With the pictures left out, set down the line containing "Carl Ove Frydensberg, Baltic" and each line after it to the end of the material, exactly as written.

* Data provided
==============================

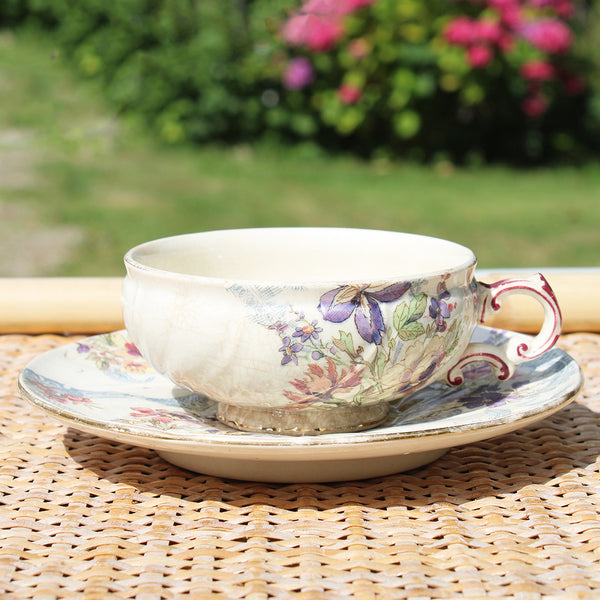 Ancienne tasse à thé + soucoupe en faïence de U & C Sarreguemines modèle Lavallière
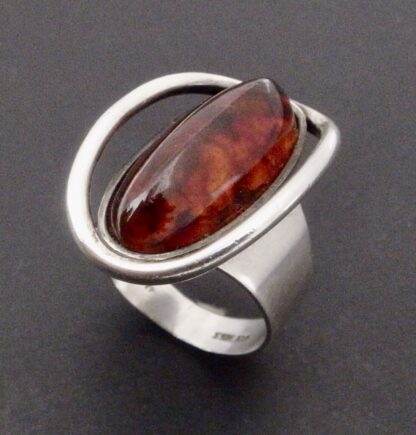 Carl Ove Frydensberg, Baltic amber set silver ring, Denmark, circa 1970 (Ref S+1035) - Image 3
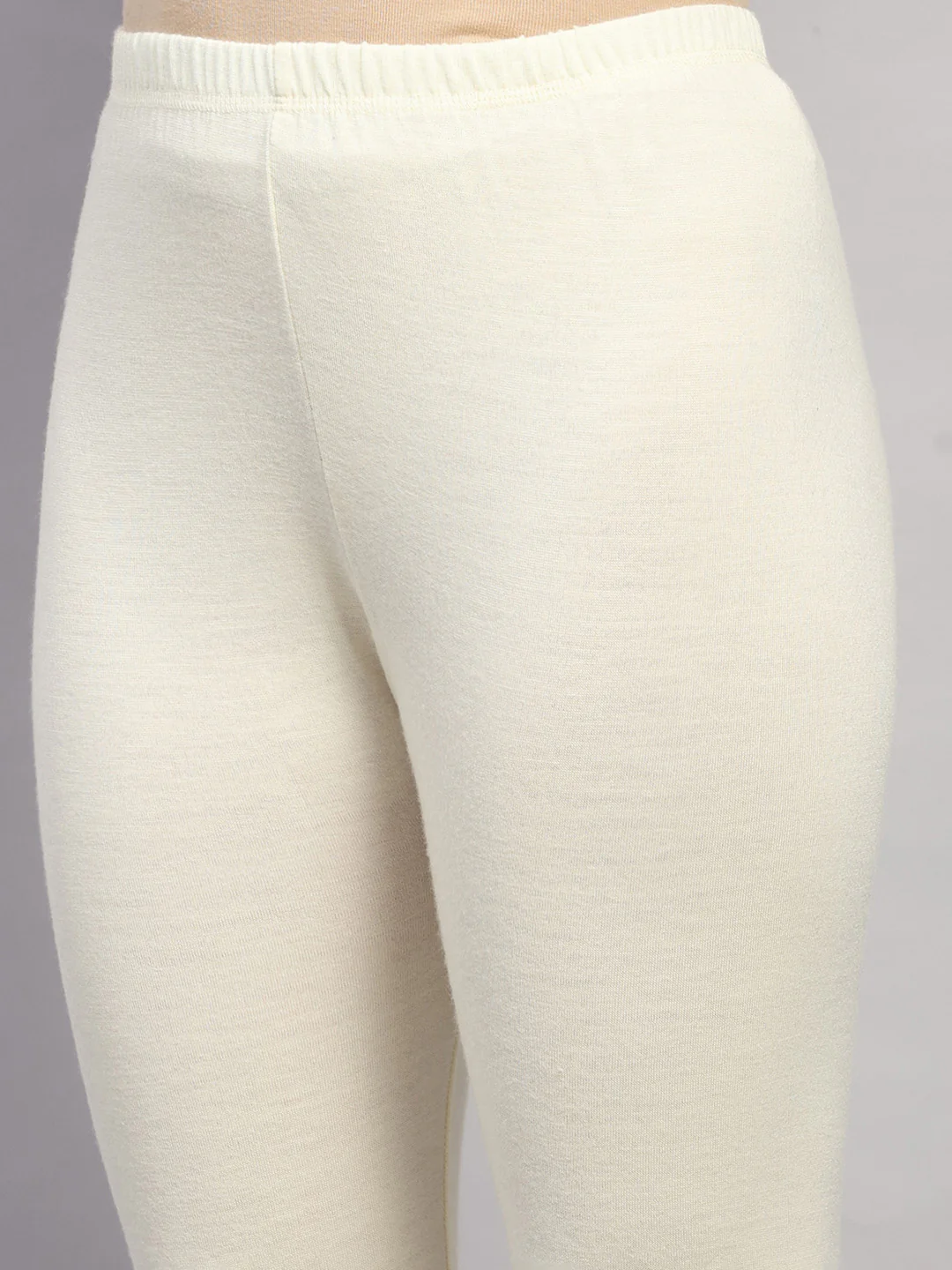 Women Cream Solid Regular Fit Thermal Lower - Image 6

==============================

* Result of this task
 Carl Ove Frydensberg, Baltic amber set silver ring, Denmark, circa 1970 (Ref S+1035) - Image 3
 Women Cream Solid Regular Fit Thermal Lower - Image 6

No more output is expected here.